Originally ~2019 — writing it up now.
BrowserStack’s real-device product streams your test session off a physical phone or tablet sitting in a data center, over WebRTC, straight into your browser tab. Getting that connection up involves a negotiation phase: the device sits behind its own network, so before it can start streaming, it has to reach out to a relay server and hand over its identification details. That relay is a TURN server, part of the standard ICE process every WebRTC connection goes through when a direct peer-to-peer path isn’t available.
The Symptom Link to heading
One day the fallback rate for a single region started climbing. “Fallback” is what we called it when a device failed to establish that streaming connection: the session didn’t get a device, and the request fell back to something else. From the outside this looked like two problems stacked on top of each other. Users in the affected region waited far longer than normal, because devices from other regions were getting picked to serve them instead. Inside that region, the pool of usable devices kept shrinking on its own: our automation flagged every device that failed to connect for a 20-minute cleanup cycle. Once enough devices piled into that “cleaning” state at the same time, the failure rate in the region climbed, which pushed more devices into cleanup, which pushed the failure rate higher still.
Untangling the Loop Link to heading
We didn’t solve this alone. It took three or four of us pulling logs from different parts of the pipeline before “devices from this region aren’t connecting” turned into anything resembling a location. Streaming failures are an ambiguous symptom: they can come from network, orchestration, mobile config, or something in between. Isolating even the right layer took a team, not a solo debugging session.
Finding DNS Link to heading
The trail pointed at DNS. Devices in the affected region couldn’t find the TURN servers they needed to complete the WebRTC handshake, because DNS wasn’t resolving those hostnames for them. We confirmed it: ran dig and nslookup against a server we suspected was affected, and got back what you don’t want to see, no resolution.

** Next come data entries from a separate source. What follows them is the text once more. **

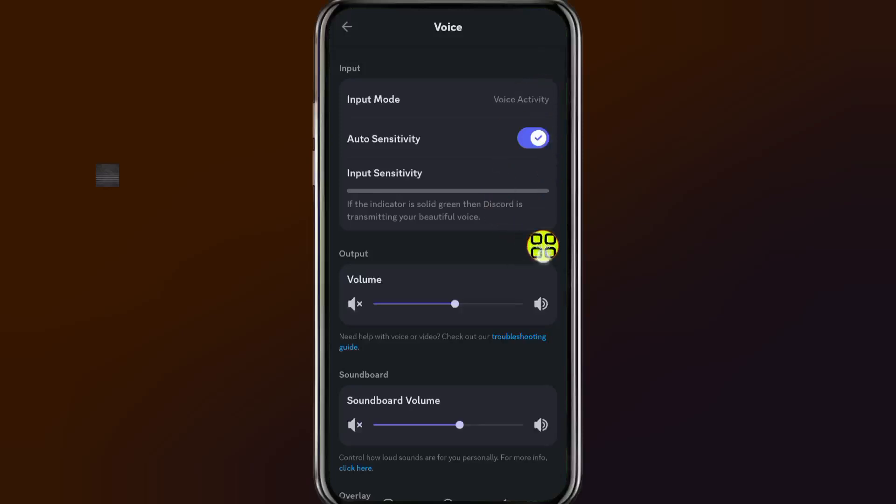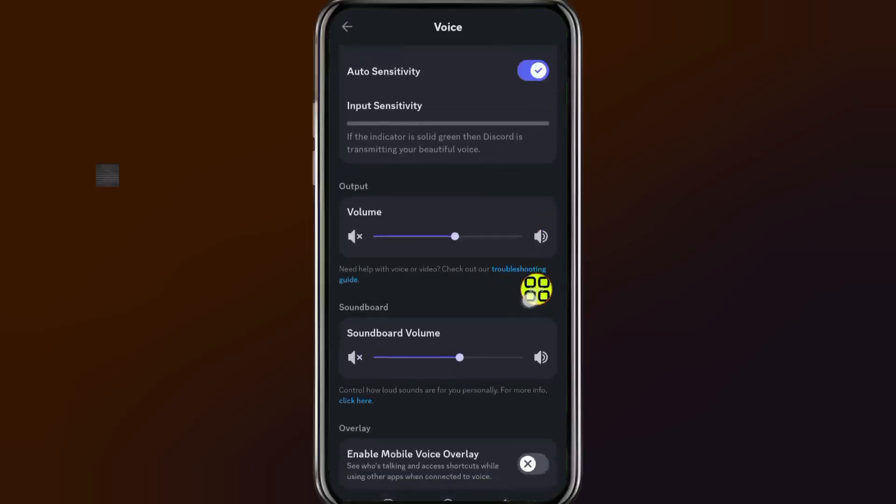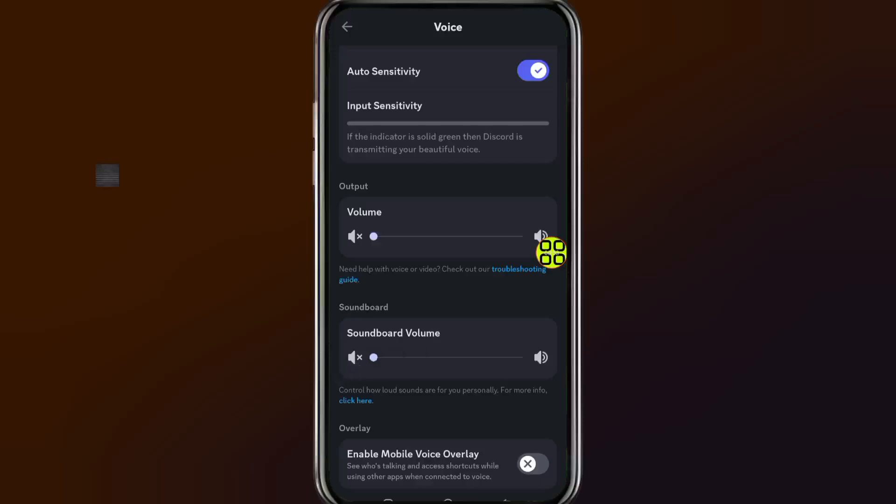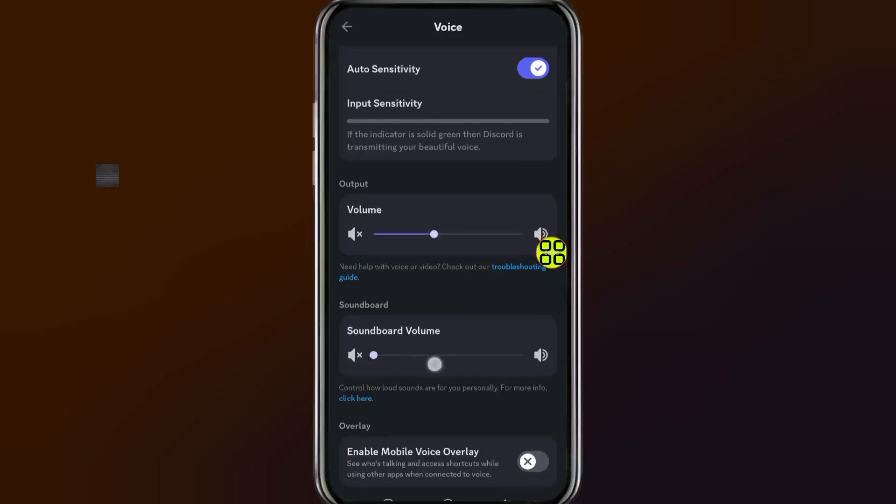After you open up the Voice option, you can now increase or decrease the sound. You can take the sound down if you don't want the sound, and you can take this one down again. Now you've turned down the stream volume on your Discord. If you want to turn it off, you can just use this option to control the sound. And that's it, guys. Thank you.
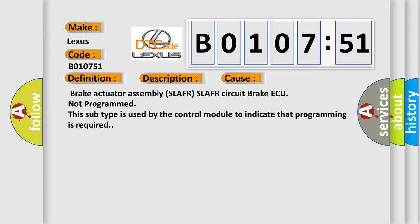Brake actuator assembly SLAFR SLAFR circuit brake ECU not programmed. This subtype is used by the control module to indicate that programming is required.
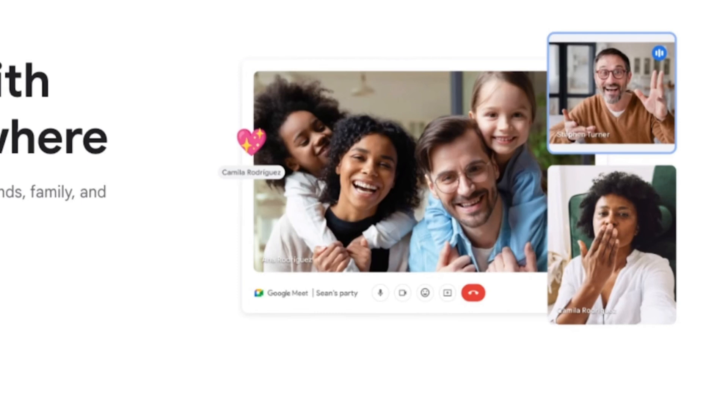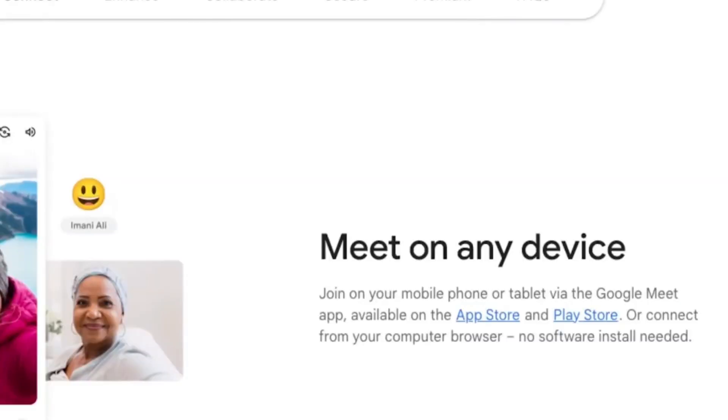First, if someone sends you an email invite, just click join meeting from the email. Or if you get a link, you can copy it into your web browser like Google or Chrome.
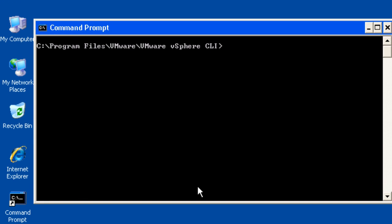Once you open up the vSphere CLI command prompt, it will default to the folder that vSphere CLI was installed. There are several commands available to manage your host.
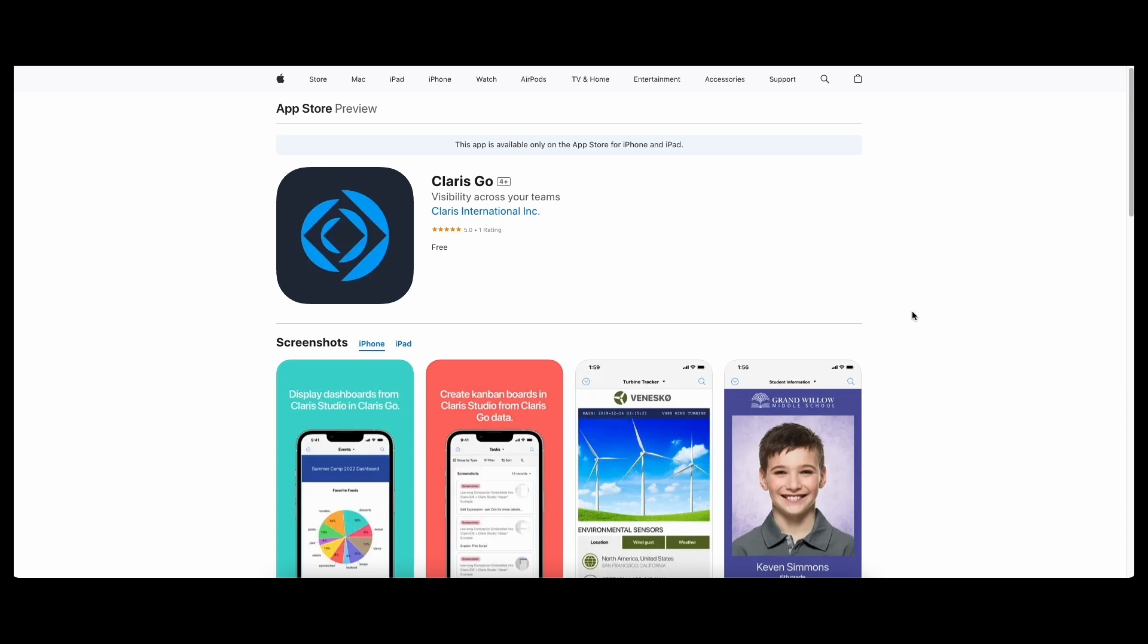So the last thing I want to talk about is Claris Go is now available on the App Store worldwide. Currently it's only available in English, but they have talked about how they're in the process of getting that built out to support other languages. So that's really exciting. And we at DB Services are really looking forward to working with all these new enhancements and features, and we're excited to see what comes next for the Claris platform. If you have any questions or want help building solutions on the Claris platform, please reach out to us. Thanks.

We pointed it to a different DNS resolver for interim relief while we kept digging, then restarted the DNS service itself. That’s what closed the gap. The region’s devices weren’t broken, and the network path wasn’t broken either. DNS stopped resolving for one class of hostname, and that was enough to pull an entire region’s device pool into a self-reinforcing loop of connection failures and automated cleanups.
What It Left Me With Link to heading
What stuck with me was how far the blast radius traveled from a single point of failure. A DNS lookup that should take milliseconds broke a loop that dragged connection rates down across an entire region for as long as it went unnoticed. The automation that was supposed to protect us, the 20-minute cleanup for failed devices, did exactly its job and made the incident worse. It had no way to tell one bad device apart from every device failing for the same external reason.